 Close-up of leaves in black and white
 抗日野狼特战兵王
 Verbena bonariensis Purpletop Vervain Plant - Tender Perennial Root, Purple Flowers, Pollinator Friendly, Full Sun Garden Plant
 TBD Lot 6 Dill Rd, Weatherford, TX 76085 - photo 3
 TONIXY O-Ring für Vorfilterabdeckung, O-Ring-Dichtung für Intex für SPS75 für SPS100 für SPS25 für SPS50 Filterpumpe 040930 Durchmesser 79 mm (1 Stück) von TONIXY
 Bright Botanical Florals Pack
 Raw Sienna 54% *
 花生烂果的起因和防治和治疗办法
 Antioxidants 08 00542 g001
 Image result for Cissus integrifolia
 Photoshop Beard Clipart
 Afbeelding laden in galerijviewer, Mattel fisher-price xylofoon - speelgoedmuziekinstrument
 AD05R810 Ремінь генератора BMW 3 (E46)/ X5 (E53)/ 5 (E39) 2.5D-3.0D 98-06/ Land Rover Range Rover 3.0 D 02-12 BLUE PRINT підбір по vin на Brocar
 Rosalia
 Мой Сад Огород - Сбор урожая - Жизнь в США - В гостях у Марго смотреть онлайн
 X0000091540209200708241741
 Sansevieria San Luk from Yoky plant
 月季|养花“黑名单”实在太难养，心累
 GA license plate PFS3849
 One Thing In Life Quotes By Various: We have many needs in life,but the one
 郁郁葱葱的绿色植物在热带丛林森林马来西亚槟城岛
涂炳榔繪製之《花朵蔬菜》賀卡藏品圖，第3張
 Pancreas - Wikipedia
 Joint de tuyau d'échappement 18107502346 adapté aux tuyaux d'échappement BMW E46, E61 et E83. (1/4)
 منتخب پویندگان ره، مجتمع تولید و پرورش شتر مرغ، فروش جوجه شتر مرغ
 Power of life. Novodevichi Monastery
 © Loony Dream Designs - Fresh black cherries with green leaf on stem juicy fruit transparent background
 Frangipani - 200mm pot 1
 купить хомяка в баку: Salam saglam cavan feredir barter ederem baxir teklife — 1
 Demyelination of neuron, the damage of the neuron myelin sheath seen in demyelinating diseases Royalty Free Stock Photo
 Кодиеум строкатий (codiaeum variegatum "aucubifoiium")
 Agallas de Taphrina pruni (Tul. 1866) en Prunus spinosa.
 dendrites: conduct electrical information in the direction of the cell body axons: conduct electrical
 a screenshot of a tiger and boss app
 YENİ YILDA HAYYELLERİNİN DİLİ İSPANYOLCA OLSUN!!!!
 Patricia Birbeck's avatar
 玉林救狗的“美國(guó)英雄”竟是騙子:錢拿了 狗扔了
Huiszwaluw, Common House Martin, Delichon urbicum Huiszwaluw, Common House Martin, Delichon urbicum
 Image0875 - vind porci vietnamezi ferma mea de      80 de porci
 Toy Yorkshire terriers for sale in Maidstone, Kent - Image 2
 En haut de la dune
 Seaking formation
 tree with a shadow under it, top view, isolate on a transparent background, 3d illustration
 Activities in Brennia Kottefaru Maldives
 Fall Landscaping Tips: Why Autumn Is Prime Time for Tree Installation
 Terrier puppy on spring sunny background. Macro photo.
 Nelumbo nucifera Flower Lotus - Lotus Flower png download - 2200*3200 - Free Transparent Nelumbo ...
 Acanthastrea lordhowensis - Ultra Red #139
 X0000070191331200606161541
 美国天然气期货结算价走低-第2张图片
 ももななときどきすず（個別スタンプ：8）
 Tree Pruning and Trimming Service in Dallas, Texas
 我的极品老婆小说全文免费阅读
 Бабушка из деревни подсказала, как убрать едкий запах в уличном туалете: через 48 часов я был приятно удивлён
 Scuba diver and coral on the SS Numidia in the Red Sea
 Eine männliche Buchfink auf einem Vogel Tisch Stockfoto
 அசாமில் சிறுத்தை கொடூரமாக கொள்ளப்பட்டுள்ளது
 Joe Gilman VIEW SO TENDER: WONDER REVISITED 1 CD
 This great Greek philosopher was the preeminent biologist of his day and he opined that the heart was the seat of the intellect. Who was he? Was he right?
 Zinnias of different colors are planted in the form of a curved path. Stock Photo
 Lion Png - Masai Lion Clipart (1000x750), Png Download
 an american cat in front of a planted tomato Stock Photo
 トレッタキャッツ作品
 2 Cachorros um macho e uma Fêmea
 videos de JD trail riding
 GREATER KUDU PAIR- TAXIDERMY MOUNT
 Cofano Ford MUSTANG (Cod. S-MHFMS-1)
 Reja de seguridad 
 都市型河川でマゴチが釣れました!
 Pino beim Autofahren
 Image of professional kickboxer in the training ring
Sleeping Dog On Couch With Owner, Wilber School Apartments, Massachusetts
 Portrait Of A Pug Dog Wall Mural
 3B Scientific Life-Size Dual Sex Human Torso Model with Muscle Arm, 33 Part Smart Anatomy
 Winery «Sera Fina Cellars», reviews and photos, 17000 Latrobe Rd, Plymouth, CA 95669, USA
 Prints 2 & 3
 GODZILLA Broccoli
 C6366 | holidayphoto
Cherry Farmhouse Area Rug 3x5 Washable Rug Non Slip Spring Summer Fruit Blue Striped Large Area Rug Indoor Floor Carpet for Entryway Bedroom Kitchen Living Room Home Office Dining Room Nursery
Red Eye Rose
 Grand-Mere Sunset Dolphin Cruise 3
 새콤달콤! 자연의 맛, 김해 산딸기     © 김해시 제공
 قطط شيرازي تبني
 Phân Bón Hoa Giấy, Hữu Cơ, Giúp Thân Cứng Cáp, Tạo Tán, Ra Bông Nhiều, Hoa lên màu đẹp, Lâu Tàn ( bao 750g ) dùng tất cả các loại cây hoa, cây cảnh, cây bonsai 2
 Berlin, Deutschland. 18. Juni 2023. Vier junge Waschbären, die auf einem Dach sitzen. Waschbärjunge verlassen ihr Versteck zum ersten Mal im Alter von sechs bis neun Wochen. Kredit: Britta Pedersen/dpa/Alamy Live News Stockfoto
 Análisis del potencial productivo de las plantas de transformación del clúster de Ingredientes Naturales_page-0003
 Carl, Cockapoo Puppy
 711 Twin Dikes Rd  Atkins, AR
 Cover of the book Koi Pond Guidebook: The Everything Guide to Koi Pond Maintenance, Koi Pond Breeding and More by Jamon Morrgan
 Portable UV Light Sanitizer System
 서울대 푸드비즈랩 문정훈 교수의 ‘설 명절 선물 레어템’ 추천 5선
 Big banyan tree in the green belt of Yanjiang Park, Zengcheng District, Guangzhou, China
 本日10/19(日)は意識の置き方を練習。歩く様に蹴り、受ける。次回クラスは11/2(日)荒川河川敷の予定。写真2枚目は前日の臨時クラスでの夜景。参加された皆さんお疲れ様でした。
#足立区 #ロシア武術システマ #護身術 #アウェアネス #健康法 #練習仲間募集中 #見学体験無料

# # # #

## What needs to be done:
Beginning with the line above that contains "tree with a", copy each line exactly up to and including the line that contains "Sleeping Dog On", and go no further.

## Answer for the task:
 tree with a shadow under it, top view, isolate on a transparent background, 3d illustration
 Activities in Brennia Kottefaru Maldives
 Fall Landscaping Tips: Why Autumn Is Prime Time for Tree Installation
 Terrier puppy on spring sunny background. Macro photo.
 Nelumbo nucifera Flower Lotus - Lotus Flower png download - 2200*3200 - Free Transparent Nelumbo ...
 Acanthastrea lordhowensis - Ultra Red #139
 X0000070191331200606161541
 美国天然气期货结算价走低-第2张图片
 ももななときどきすず（個別スタンプ：8）
 Tree Pruning and Trimming Service in Dallas, Texas
 我的极品老婆小说全文免费阅读
 Бабушка из деревни подсказала, как убрать едкий запах в уличном туалете: через 48 часов я был приятно удивлён
 Scuba diver and coral on the SS Numidia in the Red Sea
 Eine männliche Buchfink auf einem Vogel Tisch Stockfoto
 அசாமில் சிறுத்தை கொடூரமாக கொள்ளப்பட்டுள்ளது
 Joe Gilman VIEW SO TENDER: WONDER REVISITED 1 CD
 This great Greek philosopher was the preeminent biologist of his day and he opined that the heart was the seat of the intellect. Who was he? Was he right?
 Zinnias of different colors are planted in the form of a curved path. Stock Photo
 Lion Png - Masai Lion Clipart (1000x750), Png Download
 an american cat in front of a planted tomato Stock Photo
 トレッタキャッツ作品
 2 Cachorros um macho e uma Fêmea
 videos de JD trail riding
 GREATER KUDU PAIR- TAXIDERMY MOUNT
 Cofano Ford MUSTANG (Cod. S-MHFMS-1)
 Reja de seguridad 
 都市型河川でマゴチが釣れました!
 Pino beim Autofahren
 Image of professional kickboxer in the training ring
Sleeping Dog On Couch With Owner, Wilber School Apartments, Massachusetts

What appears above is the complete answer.